- _TASK DETAILS_:
Start at the line in the entries below that contains "May include: A", stop at the line that contains "Portrait of a", and output exactly the lines in that span, both ends included.

- - - - -

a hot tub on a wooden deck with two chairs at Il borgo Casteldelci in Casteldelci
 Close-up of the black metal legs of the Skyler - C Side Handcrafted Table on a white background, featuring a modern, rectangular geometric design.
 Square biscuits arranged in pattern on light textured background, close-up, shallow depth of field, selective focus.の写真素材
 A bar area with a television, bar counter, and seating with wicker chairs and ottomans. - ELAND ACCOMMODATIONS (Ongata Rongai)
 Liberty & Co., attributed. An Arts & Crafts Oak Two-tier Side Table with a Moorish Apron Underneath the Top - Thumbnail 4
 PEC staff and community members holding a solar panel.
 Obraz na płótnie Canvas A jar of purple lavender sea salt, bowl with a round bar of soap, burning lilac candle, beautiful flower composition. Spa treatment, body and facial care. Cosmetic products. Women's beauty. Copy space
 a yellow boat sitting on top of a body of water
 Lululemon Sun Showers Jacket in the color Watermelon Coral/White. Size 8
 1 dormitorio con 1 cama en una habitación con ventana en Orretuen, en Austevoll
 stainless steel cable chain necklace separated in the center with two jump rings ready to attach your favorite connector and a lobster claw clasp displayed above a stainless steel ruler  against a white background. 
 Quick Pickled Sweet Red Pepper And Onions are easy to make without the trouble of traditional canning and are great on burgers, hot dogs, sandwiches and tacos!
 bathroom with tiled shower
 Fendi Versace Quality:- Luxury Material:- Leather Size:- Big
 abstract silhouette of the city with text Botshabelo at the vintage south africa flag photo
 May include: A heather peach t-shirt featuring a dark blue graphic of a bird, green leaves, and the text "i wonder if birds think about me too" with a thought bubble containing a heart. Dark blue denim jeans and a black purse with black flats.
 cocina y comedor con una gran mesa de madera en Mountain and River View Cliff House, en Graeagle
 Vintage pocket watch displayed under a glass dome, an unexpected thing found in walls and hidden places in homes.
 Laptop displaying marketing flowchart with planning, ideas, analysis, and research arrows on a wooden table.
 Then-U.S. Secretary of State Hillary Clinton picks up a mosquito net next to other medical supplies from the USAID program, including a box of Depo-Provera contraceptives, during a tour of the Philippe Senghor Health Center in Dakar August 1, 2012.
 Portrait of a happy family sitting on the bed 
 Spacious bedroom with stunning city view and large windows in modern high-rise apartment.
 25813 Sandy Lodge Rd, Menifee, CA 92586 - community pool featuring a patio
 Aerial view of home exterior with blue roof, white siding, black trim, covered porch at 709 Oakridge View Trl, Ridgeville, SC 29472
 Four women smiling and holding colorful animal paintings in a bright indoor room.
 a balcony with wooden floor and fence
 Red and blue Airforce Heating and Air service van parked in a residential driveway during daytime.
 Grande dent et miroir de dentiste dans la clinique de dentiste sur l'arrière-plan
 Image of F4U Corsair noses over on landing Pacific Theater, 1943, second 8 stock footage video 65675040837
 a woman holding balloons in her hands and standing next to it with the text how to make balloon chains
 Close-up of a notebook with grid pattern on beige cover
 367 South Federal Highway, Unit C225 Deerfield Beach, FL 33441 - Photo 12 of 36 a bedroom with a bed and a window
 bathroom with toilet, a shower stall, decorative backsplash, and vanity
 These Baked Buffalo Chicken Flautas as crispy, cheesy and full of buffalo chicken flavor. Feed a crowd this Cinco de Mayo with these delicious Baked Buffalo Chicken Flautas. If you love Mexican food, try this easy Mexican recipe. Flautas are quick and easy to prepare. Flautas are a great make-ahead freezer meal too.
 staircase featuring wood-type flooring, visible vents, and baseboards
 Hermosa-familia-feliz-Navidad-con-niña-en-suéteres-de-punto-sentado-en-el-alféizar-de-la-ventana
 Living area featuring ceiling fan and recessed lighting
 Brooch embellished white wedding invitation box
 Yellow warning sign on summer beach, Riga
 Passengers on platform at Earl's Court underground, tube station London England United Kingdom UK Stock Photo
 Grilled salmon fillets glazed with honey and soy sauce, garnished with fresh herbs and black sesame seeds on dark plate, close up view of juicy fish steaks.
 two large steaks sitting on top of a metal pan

- - - - -

- _OUTPUT OF THE TASK_:
 May include: A heather peach t-shirt featuring a dark blue graphic of a bird, green leaves, and the text "i wonder if birds think about me too" with a thought bubble containing a heart. Dark blue denim jeans and a black purse with black flats.
 cocina y comedor con una gran mesa de madera en Mountain and River View Cliff House, en Graeagle
 Vintage pocket watch displayed under a glass dome, an unexpected thing found in walls and hidden places in homes.
 Laptop displaying marketing flowchart with planning, ideas, analysis, and research arrows on a wooden table.
 Then-U.S. Secretary of State Hillary Clinton picks up a mosquito net next to other medical supplies from the USAID program, including a box of Depo-Provera contraceptives, during a tour of the Philippe Senghor Health Center in Dakar August 1, 2012.
 Portrait of a happy family sitting on the bed 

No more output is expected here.